How does the Lender decide the maximum loan amount I can afford?
The lender considers your debt-to-income ratio, which is a comparison of your gross (pre-tax) income to housing and non-housing expenses. Non-houses expenses include such long-term debts as car or student loan payments, alimony or child support. Monthly mortgage payments should be no more than 28% of gross income, while the mortgage payment, combined with non-housing expenses, should total no more than 36% of income. The lender also considers cash available for down payment and closing costs, credit history, etc. when determining your maximum loan amount.
What is a mortgage?
Generally speaking, a mortgage is a loan obtained to purchase real estate. The “mortgage” itself is a lien (a legal claim) on a home or property that secures the promise to pay the debt.
What is a Loan to Value (LTV) and how does it determine the size of my loan?
- The loan to value ratio is the amount of money you borrow compared with the price or appraised value of the home you are purchasing. Each loan has a specific LTV limit. For example: With a 95% LVT loan on a home priced at $50,000, you could borrow up to $47,500 (95% of $50,000) and would have to pay, $2,500 as a down payment.
The LTV ratio reflects the amount of equity borrowers have in their homes. The higher the LTV the less cash homebuyers are required to pay out of their own funds. So to protect lenders against potential loss in case of default, higher LTV loans (80% or more) usually require a mortgage insurance policy.
How large of a down payment do I need?
There are mortgage options now available that only require a down payment of 5% or less of the purchase price. But the larger the down payment, the less you have to borrow, and the more equity you’ll have. Mortgages with less than 20% down payment generally require a mortgage insurance policy to secure the loan. When considering the size of your down payment, consider that you’ll also need money for closing costs, moving expenses and possibly – repairs and decorating.
What is included in a monthly mortgage payment?
The monthly mortgage payment mainly pays off principle and interest. But most lenders also include local real estate taxes, homeowner’s insurance and the mortgage insurance (if applicable.)
What factors affect mortgage payments?
The amount of the down payment, the size of the mortgage loan, the interest rate, the length of the repayment term and payment schedule will all affect the size of your mortgage payment.
How does the interest rate factor in securing a mortgage loan?
A lower interest rate allows you to borrow more money than a high rate with the same monthly payment. Interest rates can fluctuate as you shop for a loan, so ask lenders if they offer a rate “lock-in” which guarantees a specific interest rate for a certain period of time. Remember that a lender must disclose the Annual Percentage Rate (APR) of a loan to you.

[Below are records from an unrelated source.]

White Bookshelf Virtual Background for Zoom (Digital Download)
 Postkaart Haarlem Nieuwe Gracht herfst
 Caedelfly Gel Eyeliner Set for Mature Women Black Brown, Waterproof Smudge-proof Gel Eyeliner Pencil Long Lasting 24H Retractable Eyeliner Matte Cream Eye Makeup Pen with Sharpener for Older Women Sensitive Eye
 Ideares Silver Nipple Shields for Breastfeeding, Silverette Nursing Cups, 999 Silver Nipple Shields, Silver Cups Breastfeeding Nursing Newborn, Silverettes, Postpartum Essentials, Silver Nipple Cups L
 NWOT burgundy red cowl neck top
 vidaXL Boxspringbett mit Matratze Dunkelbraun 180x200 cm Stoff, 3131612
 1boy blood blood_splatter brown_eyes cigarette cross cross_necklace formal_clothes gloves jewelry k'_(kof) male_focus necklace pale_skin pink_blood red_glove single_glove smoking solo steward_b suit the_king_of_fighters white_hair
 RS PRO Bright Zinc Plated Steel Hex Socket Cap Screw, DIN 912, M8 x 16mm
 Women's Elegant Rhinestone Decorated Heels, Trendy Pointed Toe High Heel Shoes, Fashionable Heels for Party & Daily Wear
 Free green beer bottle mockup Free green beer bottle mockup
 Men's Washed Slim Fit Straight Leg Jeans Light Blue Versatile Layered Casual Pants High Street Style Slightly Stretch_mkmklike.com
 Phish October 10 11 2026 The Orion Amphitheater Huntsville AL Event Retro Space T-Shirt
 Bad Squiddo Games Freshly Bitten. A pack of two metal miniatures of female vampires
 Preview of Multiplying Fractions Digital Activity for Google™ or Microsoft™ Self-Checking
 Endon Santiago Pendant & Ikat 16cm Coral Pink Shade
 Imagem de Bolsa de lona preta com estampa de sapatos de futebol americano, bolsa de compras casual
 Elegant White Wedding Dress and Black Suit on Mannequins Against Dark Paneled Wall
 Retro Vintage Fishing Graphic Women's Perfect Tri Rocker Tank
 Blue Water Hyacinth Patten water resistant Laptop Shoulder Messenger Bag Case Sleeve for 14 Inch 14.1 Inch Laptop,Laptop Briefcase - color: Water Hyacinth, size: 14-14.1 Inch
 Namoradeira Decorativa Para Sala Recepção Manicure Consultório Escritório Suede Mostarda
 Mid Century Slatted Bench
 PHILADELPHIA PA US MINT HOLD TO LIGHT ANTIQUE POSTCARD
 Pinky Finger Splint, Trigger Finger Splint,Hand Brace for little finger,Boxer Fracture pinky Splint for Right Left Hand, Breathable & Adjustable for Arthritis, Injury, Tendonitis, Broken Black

The APR shows the cost of a mortgage loan by expressing it in terms of a yearly interest rate. It is generally higher than the interest rate because it also includes the cost of points, mortgage insurance and other fees included in the loan.
What is an escrow account? Do I need one?
Established by your lender, an escrow account is a place to set aside a portion of your monthly mortgage payment to cover annual charges for homeowner’s insurance, mortgage insurance (if applicable) and property taxes. Escrow accounts are a good idea because they assure money will always be available for these payments.
What steps need to be taken to secure a loan?
The first step in securing a loan is to complete a loan application. To do so, you’ll need the following information:
- Paystubs for the past 2-3 months
- W-2 forms for the past 2 years
- Information on long-term debts
- Recent bank statements
- Tax returns for the past 2 years
- Proof of any other income
- Address and description of the property you wish to buy
- Sales contract
During the application process, the lender will order a report on your credit history and a professional appraisal of the property you want to purchase.
What happens after I’ve applied for my loan?
It usually takes 4-6 weeks to complete the evaluation of your application. It’s not unusual for the lender to ask for more information once the application has been submitted. The sooner you can provide the information, the faster your application will be processed. Once all the information has been verified the lender will call you to let you know the outcome of your application. If the loan is approved, a closing date is set up and the lender will review the closing with you. After the closing, you’ll be able to move into your new home.